These are from a large collection of architectural designs (including decorative arts designs) of furniture, upholstery and curtains, urns, clocks, chandeliers, candlesticks, sconces, trophies and goldsmith’s work. Overall, the series includes studies of objects isolated against a simple background as well as others in more complex arrangements such as various objects and paintings on a table. They were published in three series by Jean-Charles de la Fosse, an architect, ornamental designer and engraver: 1. “Nouvelle Iconologie Historique ou Attributs Hiéroglyphiques” [New Historic Iconology or Hieroglyphic Attributes], 2. “Décorations, Sculptures, Orfévreries et Ornements divers” [Decorations, Sculptures, Goldsmithing and Various Ornaments] and 3. “Ameublement” [Furniture]. The designs reflect the latest neoclassical tastes, as interpreted in decorative arts, of the Louis XVI period.

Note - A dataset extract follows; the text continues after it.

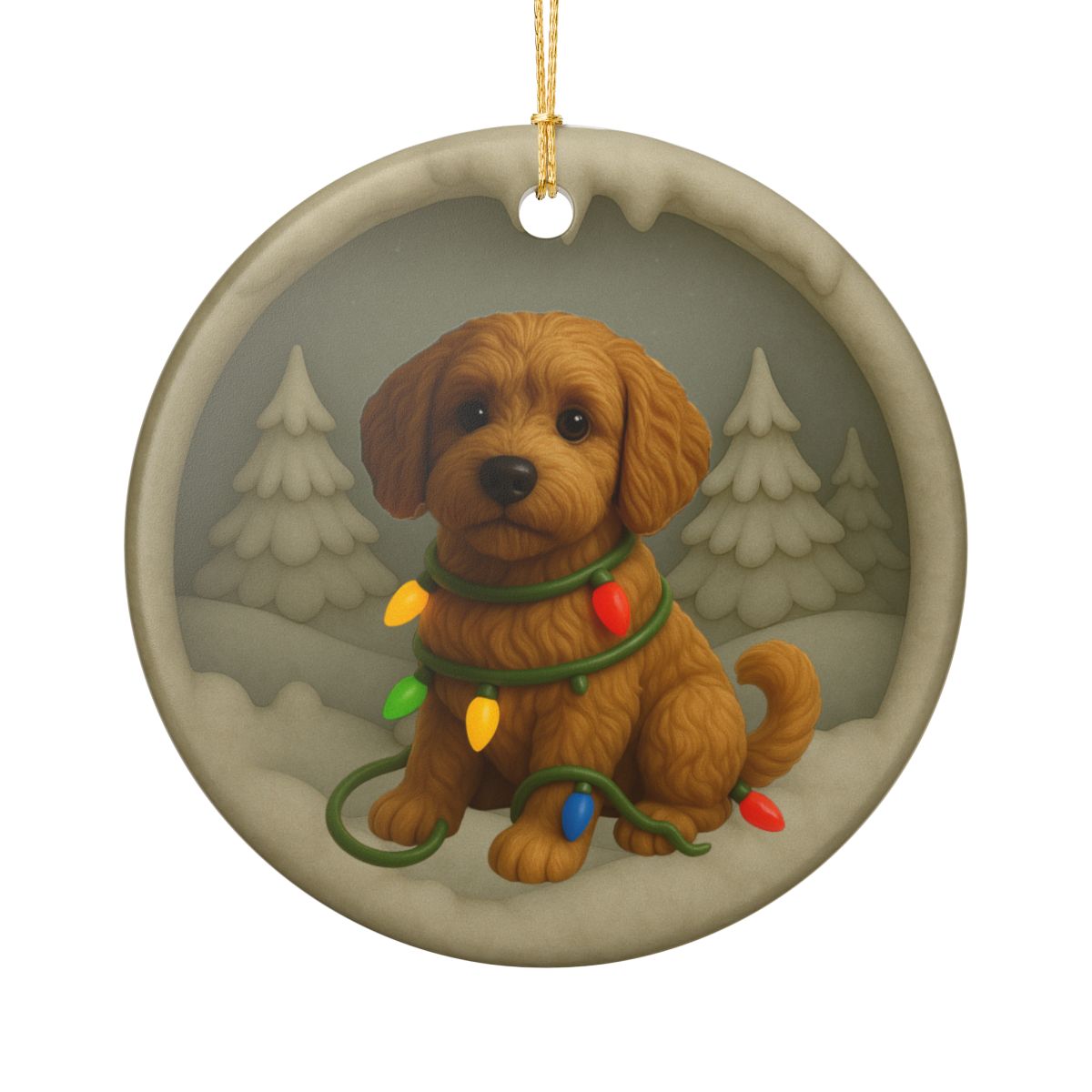 Personalized Labradoodle Christmas Ornament, 3D Clay-Style Dog Keepsake with Lights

The prints were collected by aristocrats interested in the latest styles and served as source material for their architects and decorative arts designers, who drew upon the prints as inspiration for designing furniture and decorative arts.
Jean-Charles Delafosse was a French decorative designer, engraver and architect. Apprenticed for a time to a sculptor, by 1767 he styled himself an “architect and professor of design.” He published the first volume of his most important work, Nouvelle Iconologie Historique in 1768, containing 110 plates of his designs for furniture, decorative arts and architectural ornaments in the Louis XVI style, most of which he also engraved himself. As the title implies, each design also has specific iconological or symbolic content. Delafosse also manipulated abstract shapes in ingenious and innovative ways to create spatial illusions and ambiguity. Long before late 20th-century Postmodernism he exhibited an allied sensibility: according to the Grove Dictionary of Art, “He divorced familiar architectural elements—the base of a column, a pediment, a single Ionic volute—from their usual functions and placed them in new and witty contexts.”
Condition: Generally very good with the usual overall light toning and wear. Some minor rough edges and small chips to outer margins, easily matted out.